Many will remember the various UFO incidents on Sand Mountain. From the 1970's into the 90's space aliens seem to have been studying Fyffe as well as Garmany, Geraldine and Albertville. Space craft were sighted and cows mutilated in various unsavory ways that do not make one wish to make the acquaintance of these particular interstellar visitors. What were the aliens looking for? Perhaps snakes. There is a brief account of some Alabama snake handlers, a story covered at length and very well indeed by Dennis Covington in "Salvation on Sand Mountain."

In a similar vein but moving in the reverse direction, so to speak, there is the story of Marshall Herff Applewhite, a charming fellow who taught chorale students here at the university from 1961 to 1964 but then went on to other pursuits.

Applewhite became the leader of a cult that awaited a UFO in the Colorado desert in 1975 but, alas, the spaceship failed to arrive. Undaunted, Applewhite formed the group Heaven's Gate which developed plans centered around the Hale Bopp comet in 1997. He and 38 followers dressed up in purple robes and sneakers and drank a mixture of vodka and barbiturates. They died together at Rancho Sante Fe in California waiting to be picked up, as I remember. They believed they were going to "The Next Level." It is not polite to pass remarks on other people's religious beliefs and practices, still?

Alabama, like everywhere else, has a few Bigfeet, Mothmen and Monster Hogs, but in spite of having one of the more heavily armed populations on the planet, no one has bagged a Bigfoot or a Mothman yet.

I HAD forgotten that Alabama was a divorce mecca in the 1960's.

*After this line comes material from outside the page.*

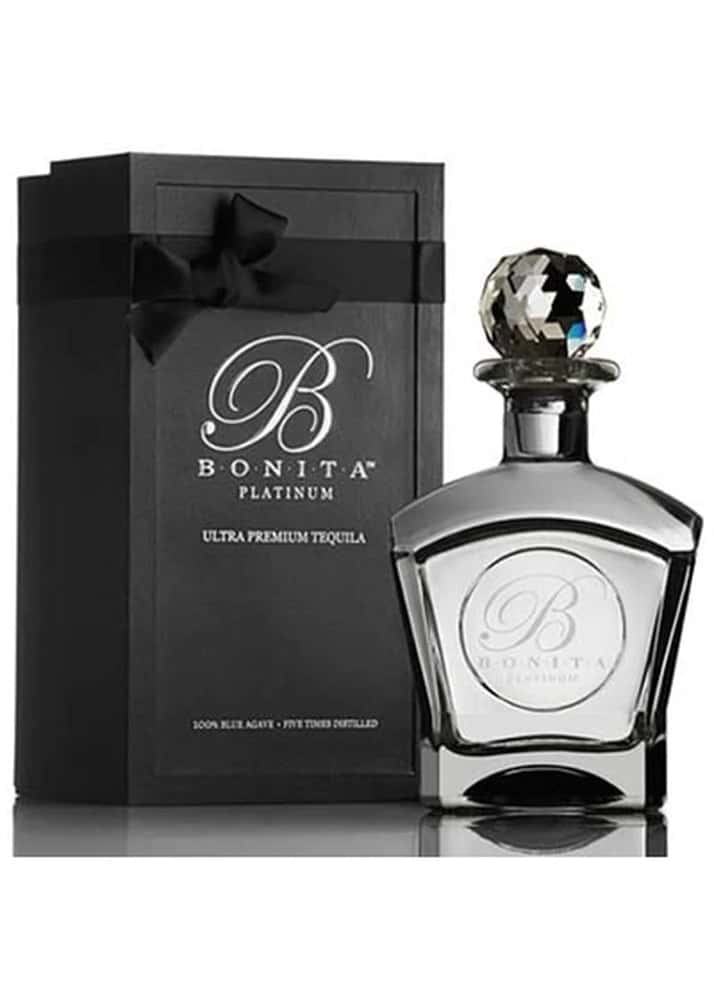 Bonita Platinum Tequila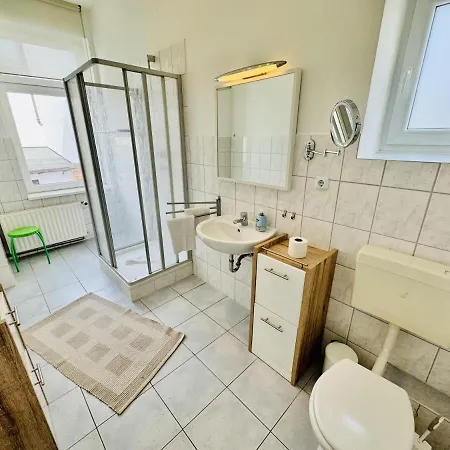 Appartement Seerose Rostock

Estranged individuals could fly in to Birmingham Airport, meet with an attorney willing to perjure himself by affirming the visitor was a resident, and fly away divorced, without ever spending the night. In 1960 Alabama granted 17,000 divorces; Nevada 9,274. The practice, described here as a "goldmine," was finally stopped and several lawyers disbarred.

The section on Colorful Characters is of course fascinating. There are entries on the outlaw Tom Clark, John Wilkes Booth, Blind Tom, a musical prodigy, and other unusual folk.

Always interesting to me are the serial spouse killers. Nanny Doss killed four husbands and probably ten other people including her mother, two daughters, a grandson, a nephew and one of her mothers-in-law. Betty Jo Green of Athens, Alabama, only killed an ex-husband and a sister-in-law, but her legal defense wins the prize. Green claimed "she had another woman living in the left side of her body." She, or they, were convicted anyway and are serving a life term in the Julia Tutwiler Prison for Women.

This is a peculiar little book. It contains some errors of fact, some chapters seem undigested news clippings, and often one wishes that a story were told at a more satisfying length but, all in all, odd tales make good entertainment.